WORK INSTRUCTIONS
Only one span is wanted from the lines below: from the one with "It gives a better" up to and including the one with "Are you a longtime". Copy it exactly, without images.

RAW DATA
=== Begin Enclosure ===

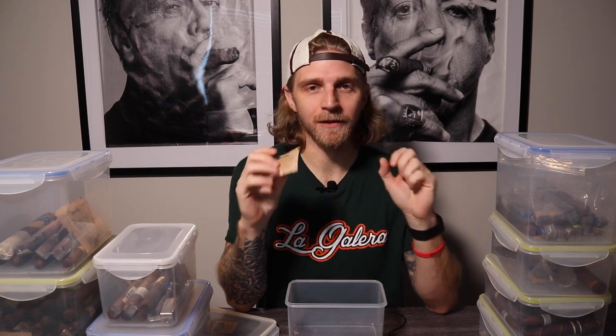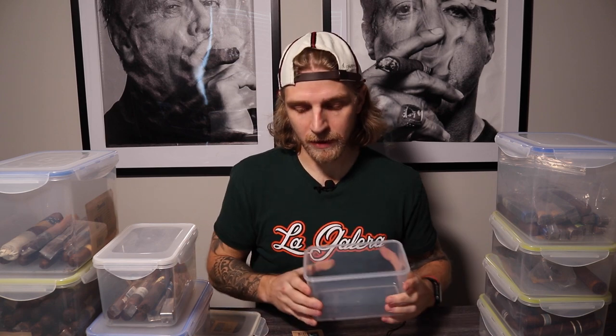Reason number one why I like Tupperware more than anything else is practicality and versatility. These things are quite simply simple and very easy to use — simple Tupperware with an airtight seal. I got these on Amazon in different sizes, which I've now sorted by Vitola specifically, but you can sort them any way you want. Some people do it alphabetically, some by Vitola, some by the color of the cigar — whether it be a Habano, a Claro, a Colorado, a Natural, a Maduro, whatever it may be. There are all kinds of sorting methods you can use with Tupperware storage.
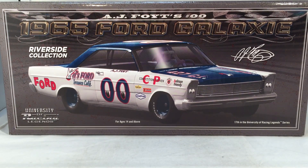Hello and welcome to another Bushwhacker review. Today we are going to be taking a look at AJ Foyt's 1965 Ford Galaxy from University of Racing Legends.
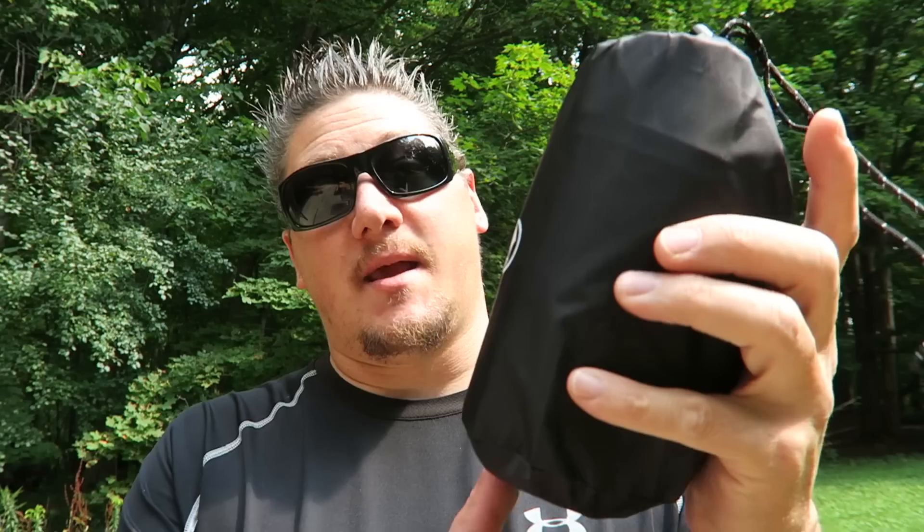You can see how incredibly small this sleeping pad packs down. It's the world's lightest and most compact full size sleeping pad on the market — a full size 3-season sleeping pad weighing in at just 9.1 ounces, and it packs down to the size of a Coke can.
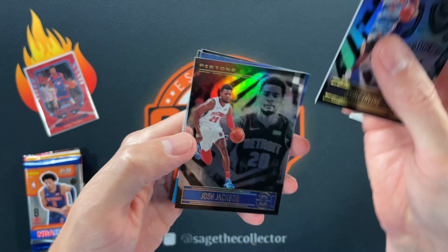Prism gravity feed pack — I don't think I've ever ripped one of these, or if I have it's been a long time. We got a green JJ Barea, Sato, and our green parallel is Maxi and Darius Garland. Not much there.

=== End Enclosure ===
=== Begin Enclosure ===

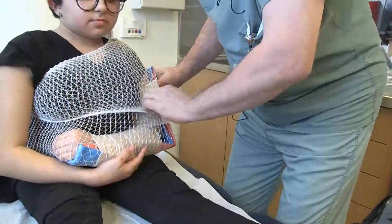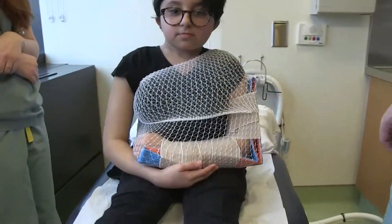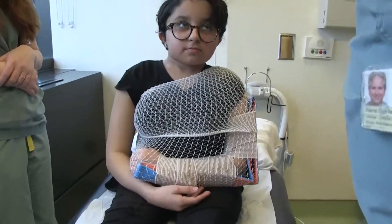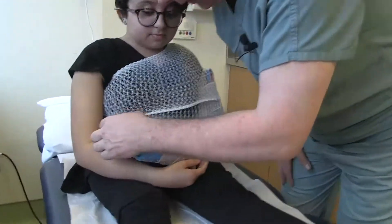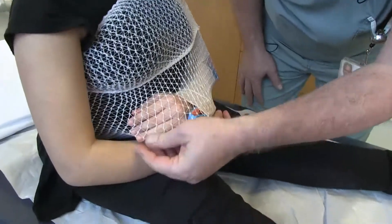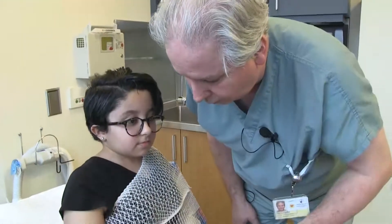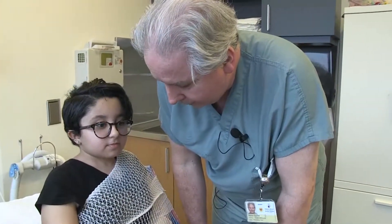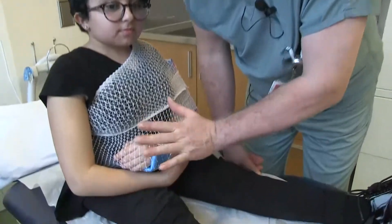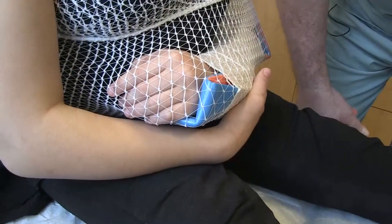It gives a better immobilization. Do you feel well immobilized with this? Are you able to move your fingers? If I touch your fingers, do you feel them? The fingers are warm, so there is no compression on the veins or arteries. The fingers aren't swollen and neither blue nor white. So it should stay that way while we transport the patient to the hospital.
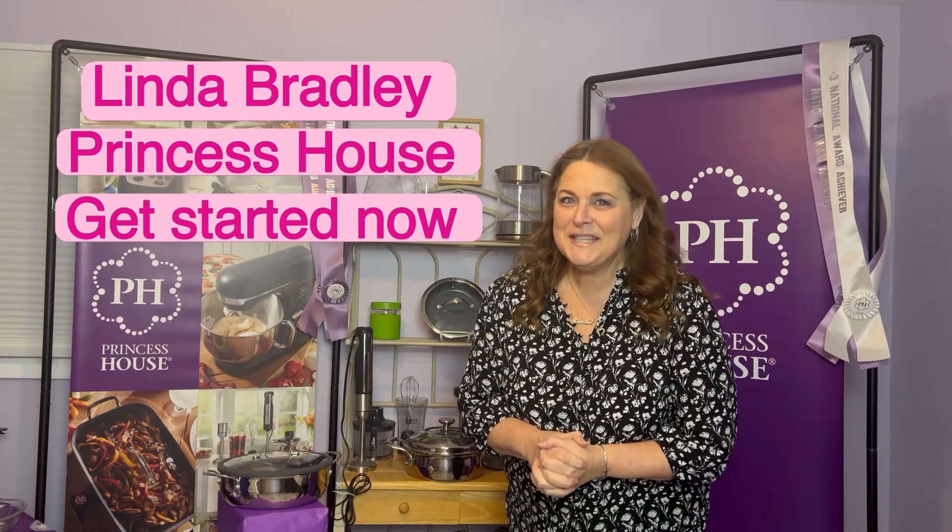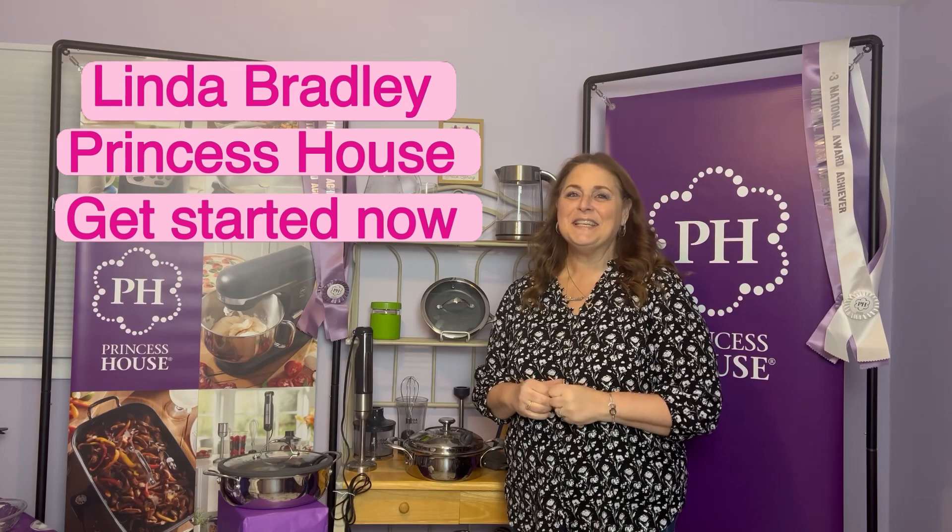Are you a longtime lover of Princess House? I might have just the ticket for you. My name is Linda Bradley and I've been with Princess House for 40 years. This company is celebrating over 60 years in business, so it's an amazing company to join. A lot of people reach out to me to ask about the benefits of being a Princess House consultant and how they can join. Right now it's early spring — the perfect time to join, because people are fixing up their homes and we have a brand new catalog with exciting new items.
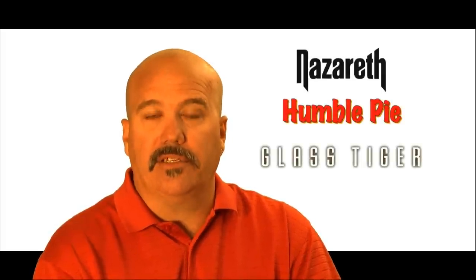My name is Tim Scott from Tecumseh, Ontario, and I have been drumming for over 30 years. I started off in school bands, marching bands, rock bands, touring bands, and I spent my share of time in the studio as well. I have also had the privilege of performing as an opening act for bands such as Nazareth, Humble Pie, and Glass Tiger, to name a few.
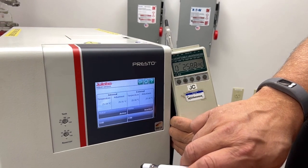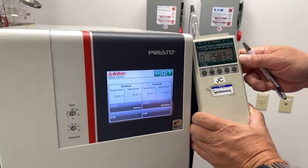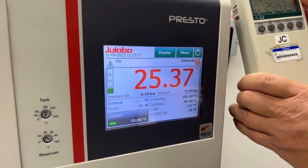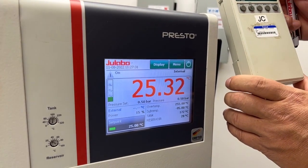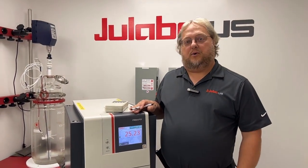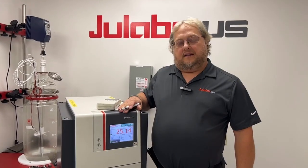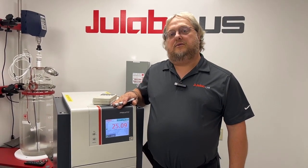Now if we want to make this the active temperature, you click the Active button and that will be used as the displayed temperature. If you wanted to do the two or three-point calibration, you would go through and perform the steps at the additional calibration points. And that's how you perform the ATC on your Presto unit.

=== End Enclosure ===

TASK SOLUTION
It gives a better immobilization. Do you feel well immobilized with this? Are you able to move your fingers? If I touch your fingers, do you feel them? The fingers are warm, so there is no compression on the veins or arteries. The fingers aren't swollen and neither blue nor white. So it should stay that way while we transport the patient to the hospital.
Are you a longtime lover of Princess House? I might have just the ticket for you. My name is Linda Bradley and I've been with Princess House for 40 years. This company is celebrating over 60 years in business, so it's an amazing company to join. A lot of people reach out to me to ask about the benefits of being a Princess House consultant and how they can join. Right now it's early spring — the perfect time to join, because people are fixing up their homes and we have a brand new catalog with exciting new items.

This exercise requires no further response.